### Instructions for the task
From the line containing "Image 2 of polka" down to the final line of the entries below, return each line exactly and drop the pictures.

*** Record extracts ***

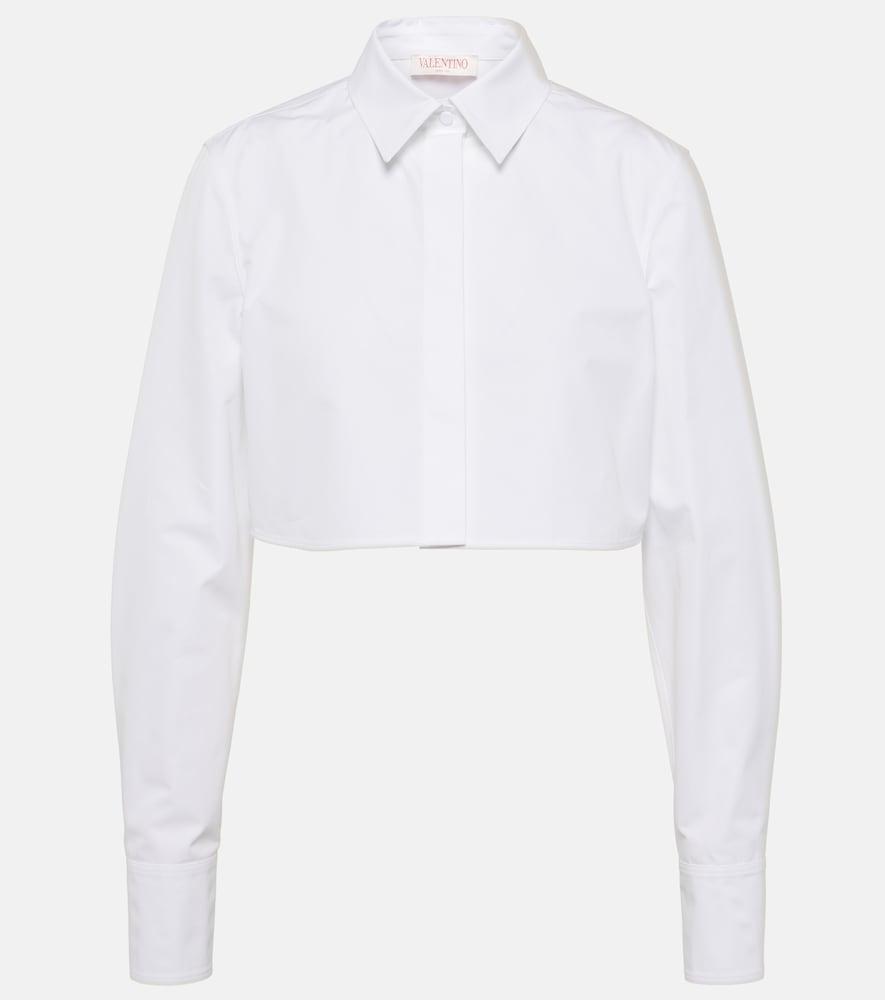 valentino cropped cotton poplin shirt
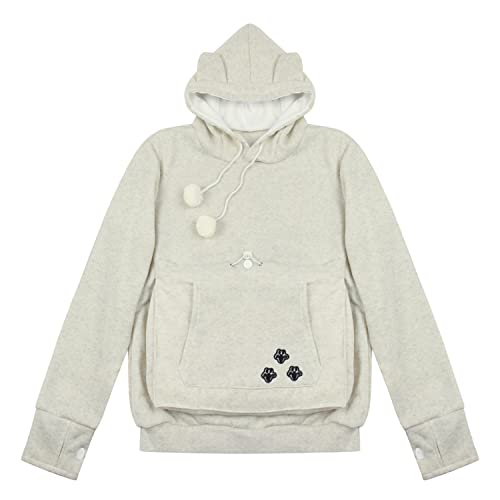 Boodtag Damen Pullover Kapuzenpullover mit Katzen Hund Tasche Frauen Niedliche Kängurus Tasche Hoodie Langarm Pullover Sweatshirt Kangaroo Carrier für kleine Haustier Cover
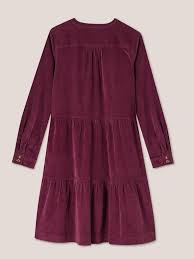 Edith Cord Dress in DK PLUM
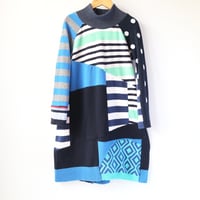 Image 2 of polka dot blues stripes patchwork 5T courtneycourtney bold mix sweater wow long sleeve dress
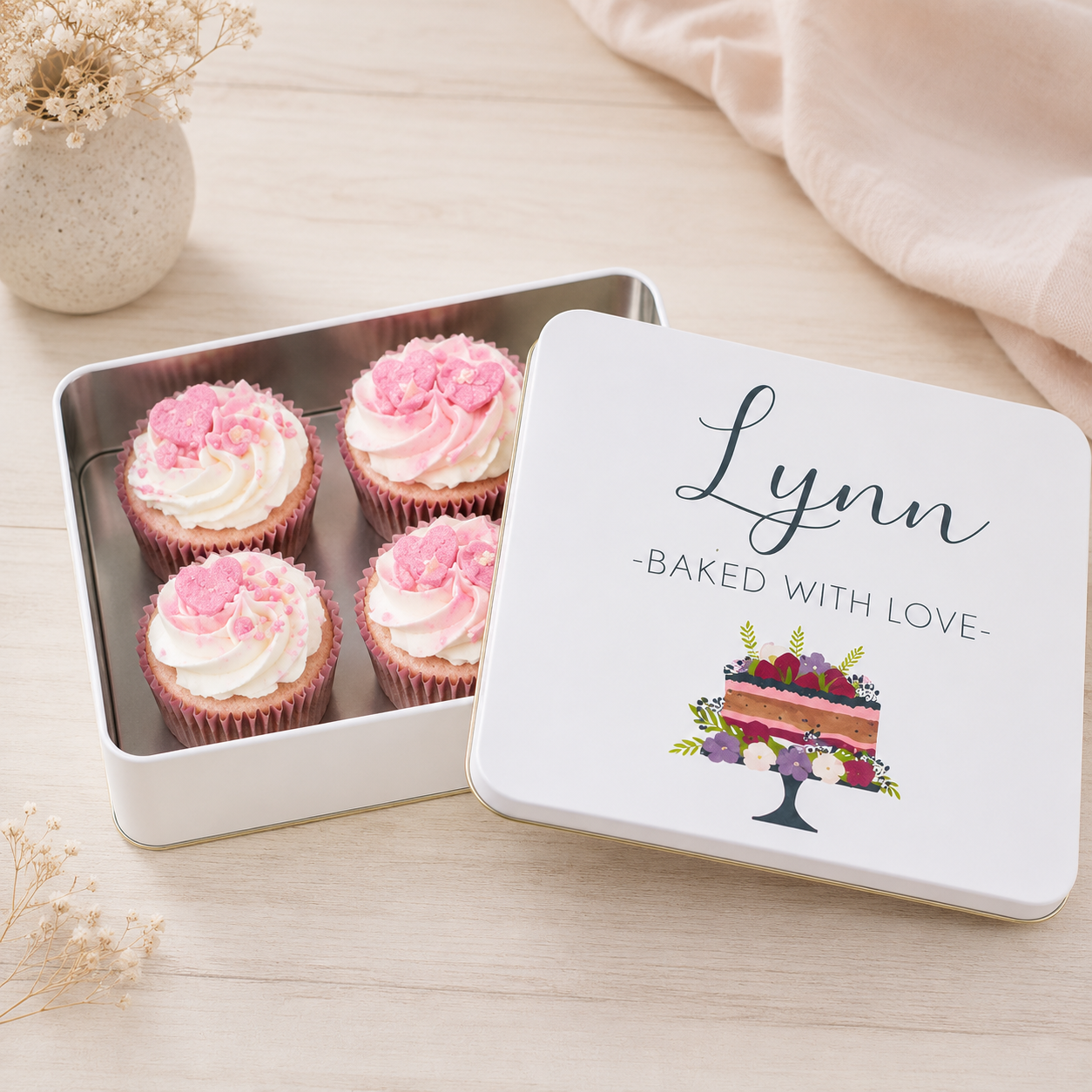 Personalised Baking Tin, Baked With Love Gift, Mothers Day Baking Gift, Gift for Mum, Nan Gift, Nana Mothers Day, Cake Tin, Mothers Day Gift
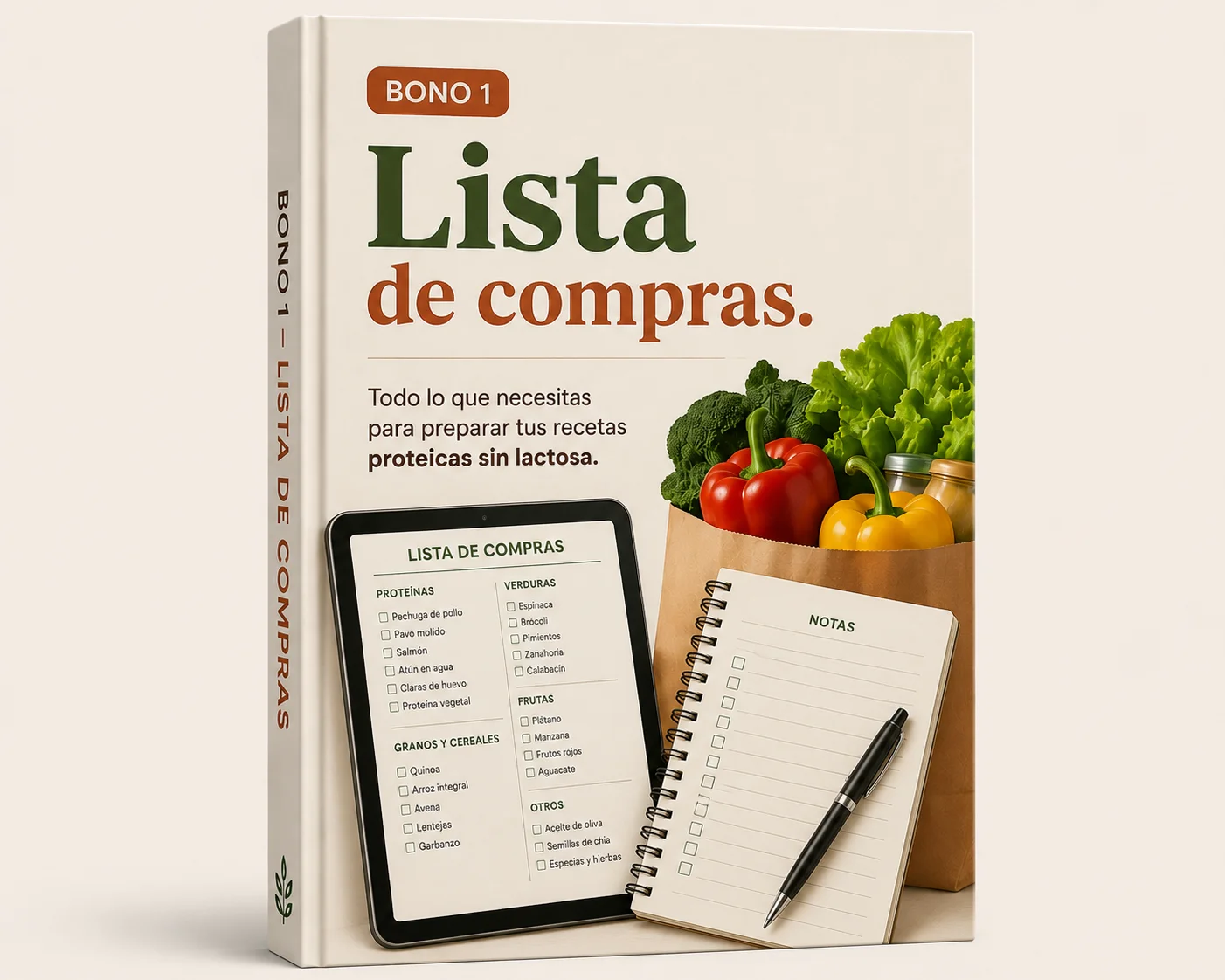Mockup del Bono 1: Lista de compras para recetas proteicas sin lactosa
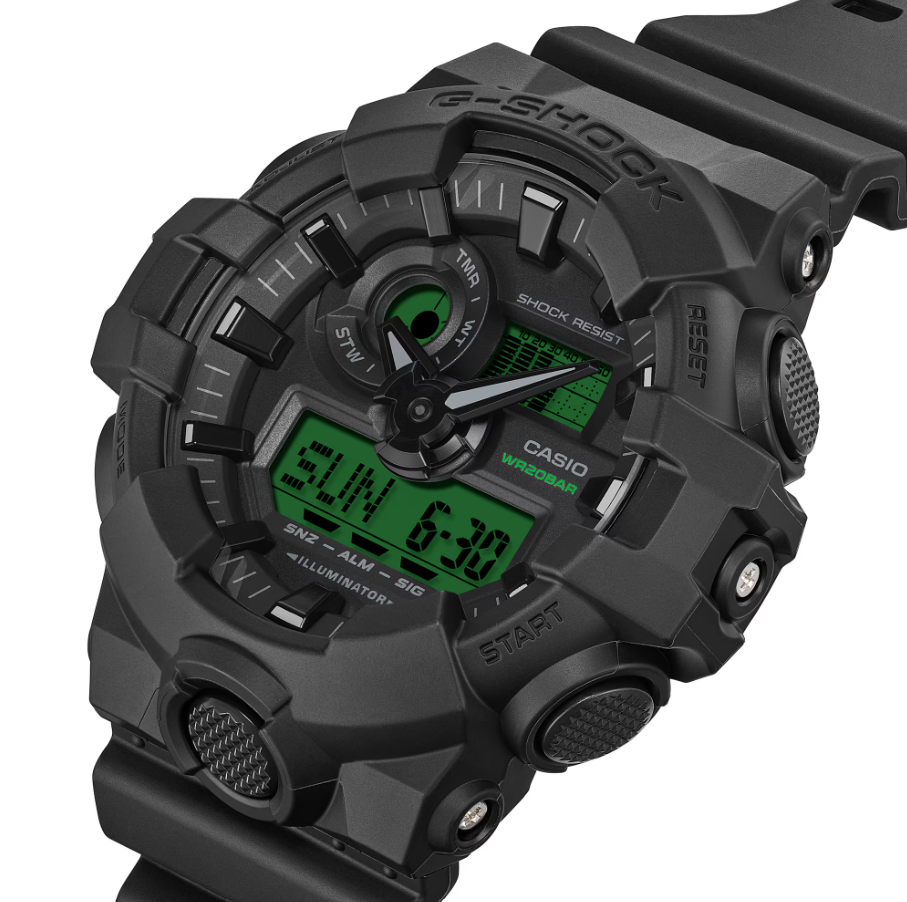 Casio G-Shock GA-700BEG-1A Quartz Ana-Digi Black Resin 200m Watch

***

### Output for this task
 Image 2 of polka dot blues stripes patchwork 5T courtneycourtney bold mix sweater wow long sleeve dress
 Personalised Baking Tin, Baked With Love Gift, Mothers Day Baking Gift, Gift for Mum, Nan Gift, Nana Mothers Day, Cake Tin, Mothers Day Gift
Mockup del Bono 1: Lista de compras para recetas proteicas sin lactosa
 Casio G-Shock GA-700BEG-1A Quartz Ana-Digi Black Resin 200m Watch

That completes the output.